■ AIM OF THE EXERCISE ■
What appears from the first line of the data below through the line containing "Charmander #44 card image", both included, should be copied exactly, and nothing else.

Stored data:
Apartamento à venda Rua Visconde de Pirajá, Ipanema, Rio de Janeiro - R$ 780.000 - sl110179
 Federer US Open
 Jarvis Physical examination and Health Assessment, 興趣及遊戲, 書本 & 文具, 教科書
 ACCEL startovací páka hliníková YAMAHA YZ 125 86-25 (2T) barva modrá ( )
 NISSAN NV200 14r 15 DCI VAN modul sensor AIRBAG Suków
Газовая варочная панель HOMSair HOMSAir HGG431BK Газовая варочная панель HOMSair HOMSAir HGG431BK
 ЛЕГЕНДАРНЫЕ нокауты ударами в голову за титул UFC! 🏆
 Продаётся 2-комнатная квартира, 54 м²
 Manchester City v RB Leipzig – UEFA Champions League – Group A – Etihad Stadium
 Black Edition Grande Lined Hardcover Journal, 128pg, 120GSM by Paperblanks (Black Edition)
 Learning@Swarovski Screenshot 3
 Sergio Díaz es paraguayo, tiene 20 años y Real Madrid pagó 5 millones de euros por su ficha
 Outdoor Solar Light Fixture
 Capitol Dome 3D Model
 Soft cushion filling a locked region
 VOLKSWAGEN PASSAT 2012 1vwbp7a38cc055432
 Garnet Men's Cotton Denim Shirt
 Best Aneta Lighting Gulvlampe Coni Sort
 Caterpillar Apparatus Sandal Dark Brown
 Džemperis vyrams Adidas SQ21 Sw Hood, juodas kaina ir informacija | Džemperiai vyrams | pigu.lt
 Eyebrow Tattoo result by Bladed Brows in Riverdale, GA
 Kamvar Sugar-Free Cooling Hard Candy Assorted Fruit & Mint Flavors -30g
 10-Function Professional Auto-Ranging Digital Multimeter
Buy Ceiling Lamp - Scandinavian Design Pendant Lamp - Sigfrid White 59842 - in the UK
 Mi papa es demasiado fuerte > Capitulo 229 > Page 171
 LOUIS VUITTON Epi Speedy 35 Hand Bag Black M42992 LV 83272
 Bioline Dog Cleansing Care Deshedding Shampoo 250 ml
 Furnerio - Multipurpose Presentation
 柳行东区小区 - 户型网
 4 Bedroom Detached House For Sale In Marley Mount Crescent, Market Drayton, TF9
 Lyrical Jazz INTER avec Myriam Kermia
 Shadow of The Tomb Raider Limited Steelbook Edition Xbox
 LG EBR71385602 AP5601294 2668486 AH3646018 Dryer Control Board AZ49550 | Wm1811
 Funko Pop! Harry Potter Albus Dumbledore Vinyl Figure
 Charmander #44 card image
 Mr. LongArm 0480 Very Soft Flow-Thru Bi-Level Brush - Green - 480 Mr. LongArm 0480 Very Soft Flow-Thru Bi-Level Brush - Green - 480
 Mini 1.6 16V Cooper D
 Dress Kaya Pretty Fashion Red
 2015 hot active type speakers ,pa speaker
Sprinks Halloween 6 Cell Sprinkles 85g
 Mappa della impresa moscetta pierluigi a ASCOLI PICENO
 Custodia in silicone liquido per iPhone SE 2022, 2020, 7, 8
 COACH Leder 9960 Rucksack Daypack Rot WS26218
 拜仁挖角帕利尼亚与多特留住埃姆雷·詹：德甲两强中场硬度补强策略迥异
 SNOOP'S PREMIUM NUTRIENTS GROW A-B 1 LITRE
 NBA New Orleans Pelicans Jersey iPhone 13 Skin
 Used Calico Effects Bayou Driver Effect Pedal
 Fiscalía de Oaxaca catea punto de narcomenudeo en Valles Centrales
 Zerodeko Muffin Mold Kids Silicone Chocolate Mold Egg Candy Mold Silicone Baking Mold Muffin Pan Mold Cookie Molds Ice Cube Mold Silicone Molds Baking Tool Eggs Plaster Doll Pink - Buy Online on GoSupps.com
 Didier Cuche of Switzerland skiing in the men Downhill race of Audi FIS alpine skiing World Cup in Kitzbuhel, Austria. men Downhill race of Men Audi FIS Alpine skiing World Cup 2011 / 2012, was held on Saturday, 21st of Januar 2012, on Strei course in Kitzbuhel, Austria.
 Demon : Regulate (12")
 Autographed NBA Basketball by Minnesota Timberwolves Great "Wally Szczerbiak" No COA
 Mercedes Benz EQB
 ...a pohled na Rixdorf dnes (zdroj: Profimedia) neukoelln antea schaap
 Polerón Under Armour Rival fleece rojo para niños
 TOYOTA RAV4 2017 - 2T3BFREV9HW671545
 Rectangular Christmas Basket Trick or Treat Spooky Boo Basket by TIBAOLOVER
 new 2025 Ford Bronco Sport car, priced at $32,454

■ TASK RESULT ■
Apartamento à venda Rua Visconde de Pirajá, Ipanema, Rio de Janeiro - R$ 780.000 - sl110179
 Federer US Open
 Jarvis Physical examination and Health Assessment, 興趣及遊戲, 書本 & 文具, 教科書
 ACCEL startovací páka hliníková YAMAHA YZ 125 86-25 (2T) barva modrá ( )
 NISSAN NV200 14r 15 DCI VAN modul sensor AIRBAG Suków
Газовая варочная панель HOMSair HOMSAir HGG431BK Газовая варочная панель HOMSair HOMSAir HGG431BK
 ЛЕГЕНДАРНЫЕ нокауты ударами в голову за титул UFC! 🏆
 Продаётся 2-комнатная квартира, 54 м²
 Manchester City v RB Leipzig – UEFA Champions League – Group A – Etihad Stadium
 Black Edition Grande Lined Hardcover Journal, 128pg, 120GSM by Paperblanks (Black Edition)
 Learning@Swarovski Screenshot 3
 Sergio Díaz es paraguayo, tiene 20 años y Real Madrid pagó 5 millones de euros por su ficha
 Outdoor Solar Light Fixture
 Capitol Dome 3D Model
 Soft cushion filling a locked region
 VOLKSWAGEN PASSAT 2012 1vwbp7a38cc055432
 Garnet Men's Cotton Denim Shirt
 Best Aneta Lighting Gulvlampe Coni Sort
 Caterpillar Apparatus Sandal Dark Brown
 Džemperis vyrams Adidas SQ21 Sw Hood, juodas kaina ir informacija | Džemperiai vyrams | pigu.lt
 Eyebrow Tattoo result by Bladed Brows in Riverdale, GA
 Kamvar Sugar-Free Cooling Hard Candy Assorted Fruit & Mint Flavors -30g
 10-Function Professional Auto-Ranging Digital Multimeter
Buy Ceiling Lamp - Scandinavian Design Pendant Lamp - Sigfrid White 59842 - in the UK
 Mi papa es demasiado fuerte > Capitulo 229 > Page 171
 LOUIS VUITTON Epi Speedy 35 Hand Bag Black M42992 LV 83272
 Bioline Dog Cleansing Care Deshedding Shampoo 250 ml
 Furnerio - Multipurpose Presentation
 柳行东区小区 - 户型网
 4 Bedroom Detached House For Sale In Marley Mount Crescent, Market Drayton, TF9
 Lyrical Jazz INTER avec Myriam Kermia
 Shadow of The Tomb Raider Limited Steelbook Edition Xbox
 LG EBR71385602 AP5601294 2668486 AH3646018 Dryer Control Board AZ49550 | Wm1811
 Funko Pop! Harry Potter Albus Dumbledore Vinyl Figure
 Charmander #44 card image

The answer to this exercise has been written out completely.